My whole career has been in the Australian grains industry. I have worked in various plant breeding-related roles both in the public and private sectors, helping to deliver improved varieties. This new position offers a great opportunity to make an even bigger difference to the lives of Australian grain growers.
When I took this on I began thinking about what it means to be a true leader of innovation, research and development. One company that has clearly demonstrated these attributes is Apple, which sits at the cutting edge of disruptive digital innovation and has changed the way we use personal devices, consume music and access information.
Apple’s innovation is driven by its R&D department in Cupertino, California, where it employs 12,000 and invests more than US$4 billion annually in R&D. Imagine if each grain grower had to individually try to achieve the same innovation. There are about 22,000 Australian grain growers, many of whom operate as single-owner enterprises. Most of our enterprises cannot afford their own R&D department like Apple, nor can they create the critical mass of resources and expertise to drive the innovation required. I see the GRDC as one consolidated R&D department for every grain grower in Australia.

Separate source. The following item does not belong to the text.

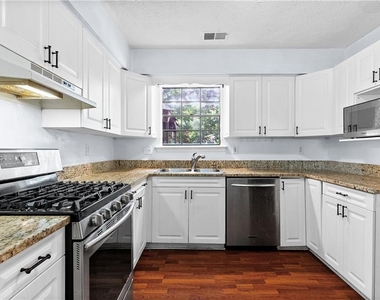 2568 Redfield Drive - Photo Thumbnail 8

The GRDC creates a critical mass that can effectively invest in innovation to drive future profitability. If we think of the GRDC as the grower’s own R&D department, we carry a critical responsibility to deliver innovation and value to growers.

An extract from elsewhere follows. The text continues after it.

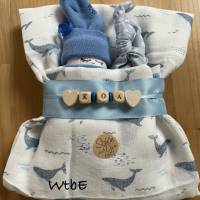 kleine Windeltorte mit Schnuffeltuch und Windelbaby, Babygeschenk Junge, kreatives Geschenk zur Geburt Bild 6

It is very early days for me at the GRDC and I am on a steep learning curve. So far I have been very impressed with the passion and dedication shown by GRDC’s people. They are clearly driven to make a positive difference to the lives, profits and opportunities of Australian grain growers and industry.
In order to adapt to the modern grains industry and respond to growers’ needs, the GRDC is in the process of making some major changes which include:
- a restructure of the research portfolio to ensure an appropriate balance in delivering short, medium as well as long-term benefits to growers;
- relocating staff from Canberra to regional offices to strengthen the GRDC’s local and regional connections, which benefits delivery; and
- improvements in the way we seek direction from growers on what are their most important research priorities.

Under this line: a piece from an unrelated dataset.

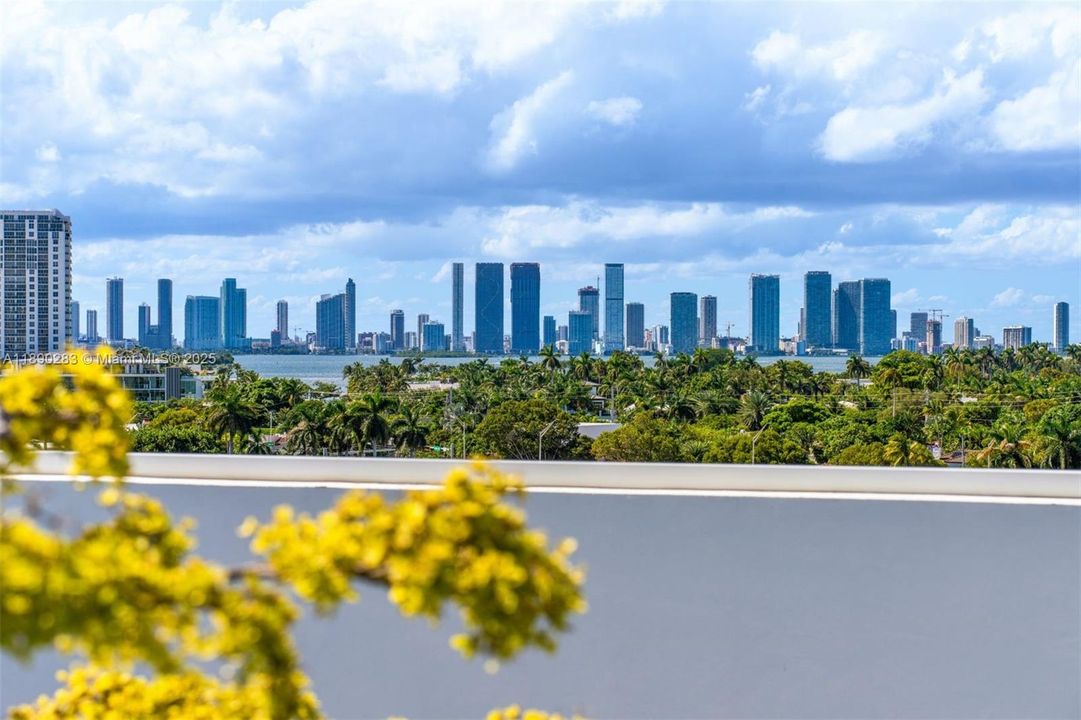 For Sale: $3,425,000 (2 beds, 2 baths, 2143 Square Feet)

I recently participated in a GRDC local grower solution group prioritisation meeting at Moree in northern NSW. This Grower Solutions Group identified and prioritised projects that addressed local production issues that impact on grower profitability. Similar to the Regional Cropping Solutions Networks (RSCN) in other states, growers and agronomists provide input and drive the GRDC research process from the ground up. The results from prioritisation meetings are fed back into the GRDC research process and fast tracked to “on the ground” local research. I was very impressed with this process, along with the high technical knowledge and wealth of experience in the room, and the positive, collegiate attitude.
I look forward to participating in future research priority-determining activities in other regions over the next few months.
I hope to get “out and about” and meet as many growers as possible over the spring and pre-harvest period. I look forward to hearing about the issues you are facing and how your own R&D department can better deliver value to you.